● **Work item**
Would you return the lines between the one holding "Expansion exp-57204" and the one holding "JOICO Scalp Vitality Refreshing Shampoo", inclusive, and only those, exactly as they stand in the listing below?

● **Input**
-- Opening Marker --

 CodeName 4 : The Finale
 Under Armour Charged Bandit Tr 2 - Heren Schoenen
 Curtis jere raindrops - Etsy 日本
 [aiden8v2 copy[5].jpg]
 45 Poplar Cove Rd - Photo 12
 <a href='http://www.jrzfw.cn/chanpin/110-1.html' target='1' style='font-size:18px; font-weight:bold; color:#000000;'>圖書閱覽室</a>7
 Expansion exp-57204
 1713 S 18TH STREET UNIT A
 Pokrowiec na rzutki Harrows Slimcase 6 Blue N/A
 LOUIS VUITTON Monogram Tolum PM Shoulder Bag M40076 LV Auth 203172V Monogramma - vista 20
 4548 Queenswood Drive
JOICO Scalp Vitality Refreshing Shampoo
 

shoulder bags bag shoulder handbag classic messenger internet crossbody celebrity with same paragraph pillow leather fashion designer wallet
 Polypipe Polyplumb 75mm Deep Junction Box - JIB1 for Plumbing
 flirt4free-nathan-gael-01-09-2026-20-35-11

-- Closing Marker --
-- Opening Marker --

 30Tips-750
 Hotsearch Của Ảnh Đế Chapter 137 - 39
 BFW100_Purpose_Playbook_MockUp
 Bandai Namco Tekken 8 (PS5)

-- Closing Marker --
-- Opening Marker --

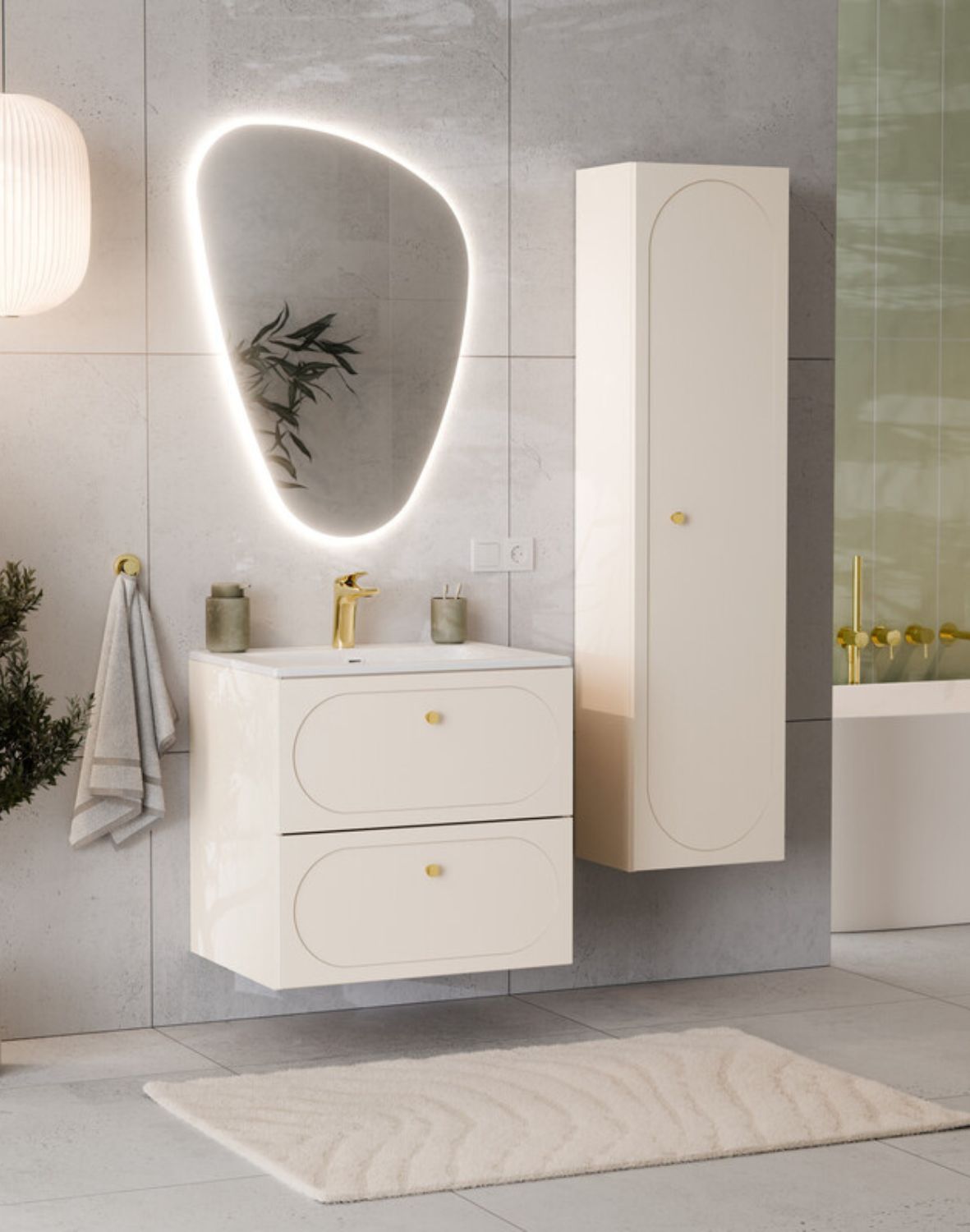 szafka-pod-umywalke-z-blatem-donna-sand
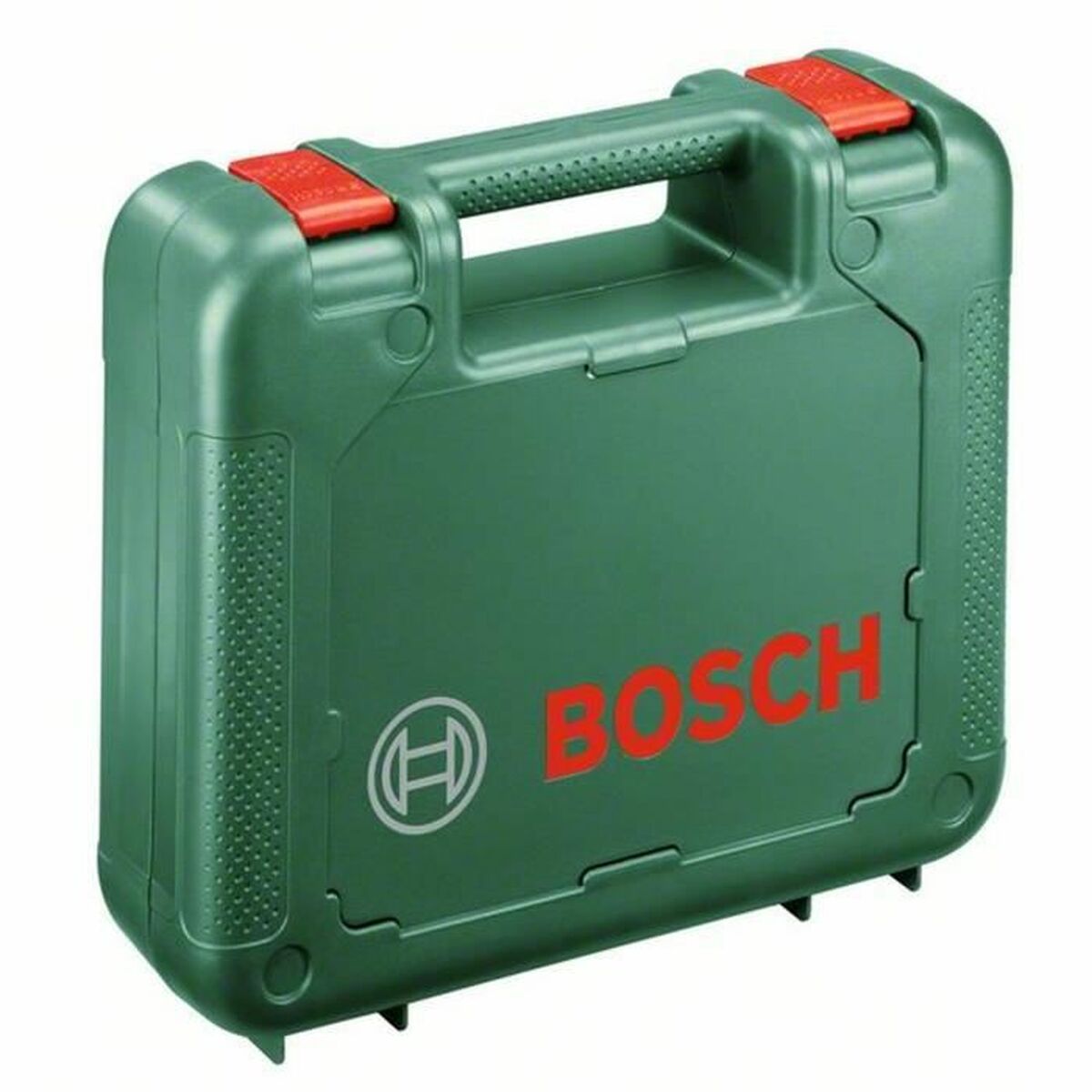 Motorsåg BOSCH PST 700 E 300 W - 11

-- Closing Marker --

● **Your response**
 Expansion exp-57204
 1713 S 18TH STREET UNIT A
 Pokrowiec na rzutki Harrows Slimcase 6 Blue N/A
 LOUIS VUITTON Monogram Tolum PM Shoulder Bag M40076 LV Auth 203172V Monogramma - vista 20
 4548 Queenswood Drive
JOICO Scalp Vitality Refreshing Shampoo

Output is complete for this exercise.